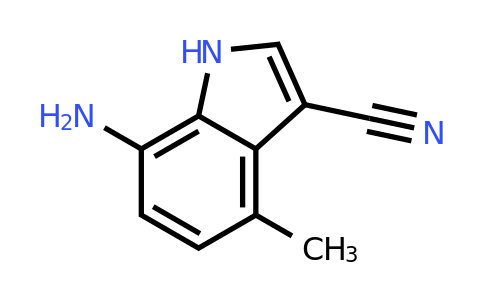 CAS 289483-87-0 | 7-amino-4-methyl-1H-indole-3-carbonitrile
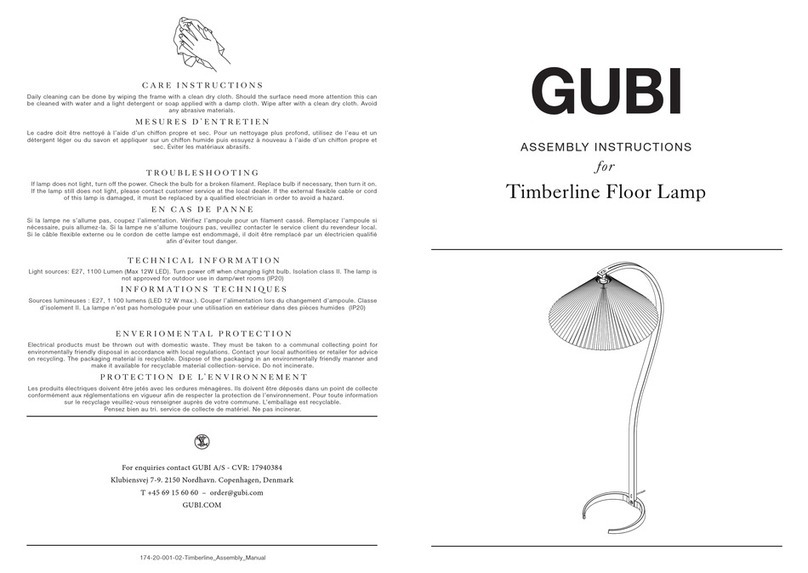 GUBI Timberline User manual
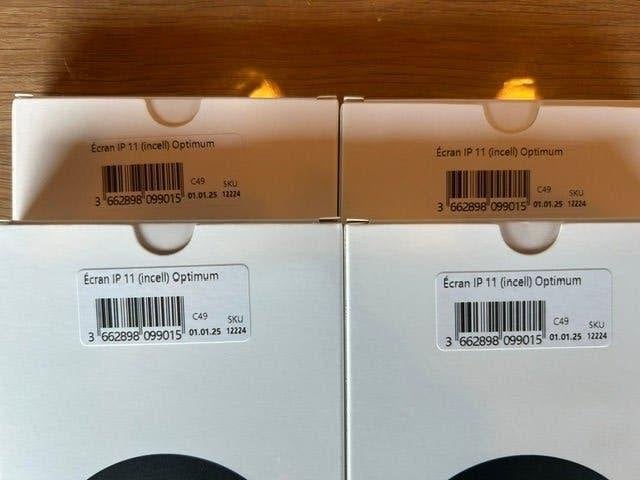 Iphone 11 ( Incell Optimum ) scherm compleet, Telecommunicatie, IPhone 11, Zwart, Overige typen, Nieuw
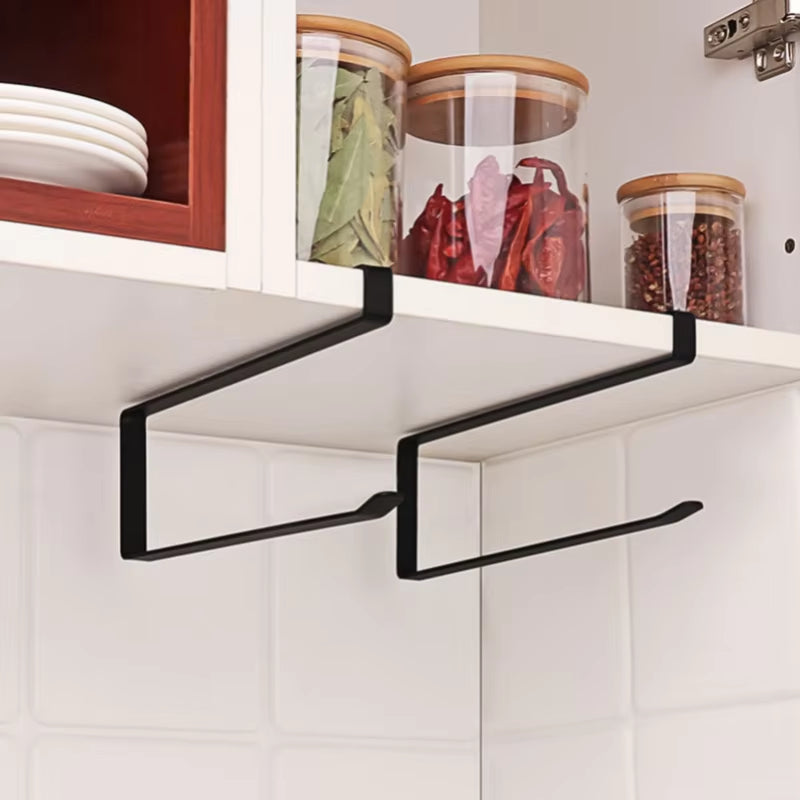 Perforation-Free Kitchen Storage Rack – Paper Towel & Wrap Holder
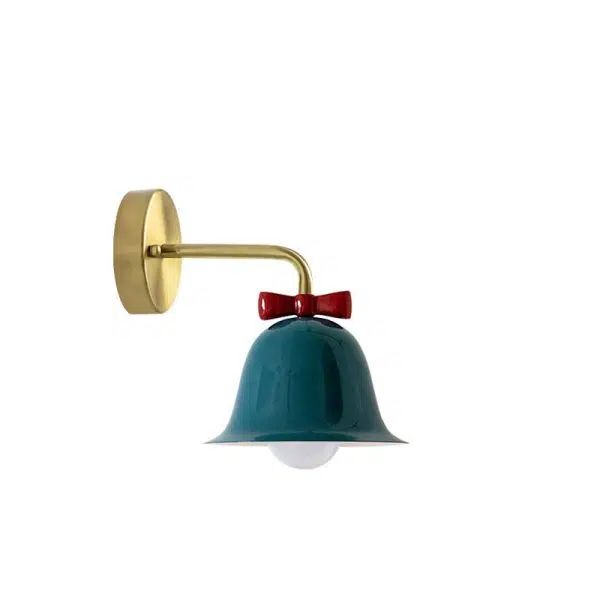 French Minimalist Bell Butterfly Iron 1-Light Wall Sconce Lamp - Image 14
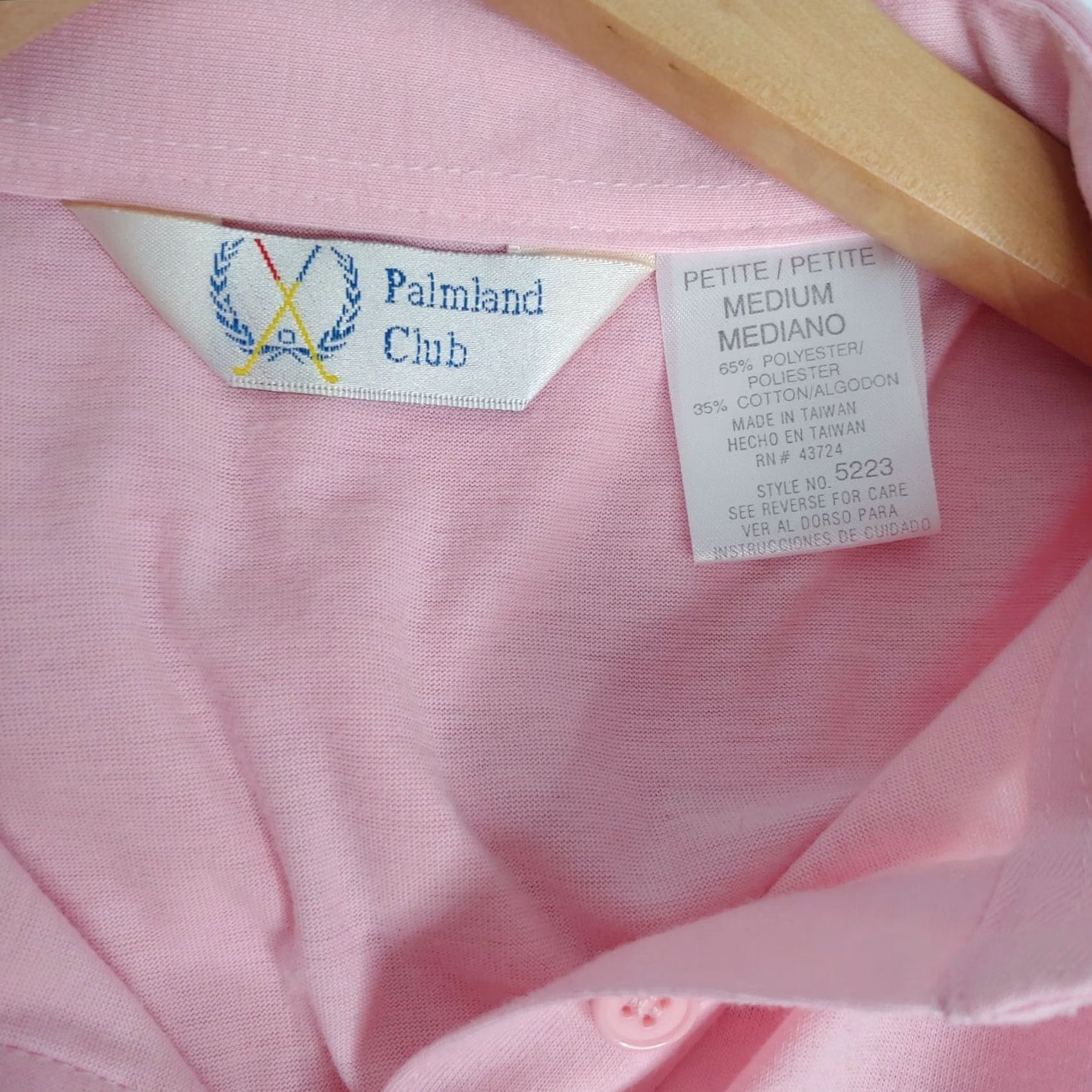 Vintage Vintage Palmland Club Petite Medium Pink Golf Shirt Collared Country Retro Size M / US 6-8 / IT 42-44 - 3 Thumbnail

WORK TO COMPLETE:
Please restate the lines above exactly, starting at the first line of the data and stopping at the line containing "French Minimalist Bell", which is included. Omit pictures.

EXERCISE OUTPUT:
 CAS 289483-87-0 | 7-amino-4-methyl-1H-indole-3-carbonitrile
 GUBI Timberline User manual
 Iphone 11 ( Incell Optimum ) scherm compleet, Telecommunicatie, IPhone 11, Zwart, Overige typen, Nieuw
 Perforation-Free Kitchen Storage Rack – Paper Towel & Wrap Holder
 French Minimalist Bell Butterfly Iron 1-Light Wall Sconce Lamp - Image 14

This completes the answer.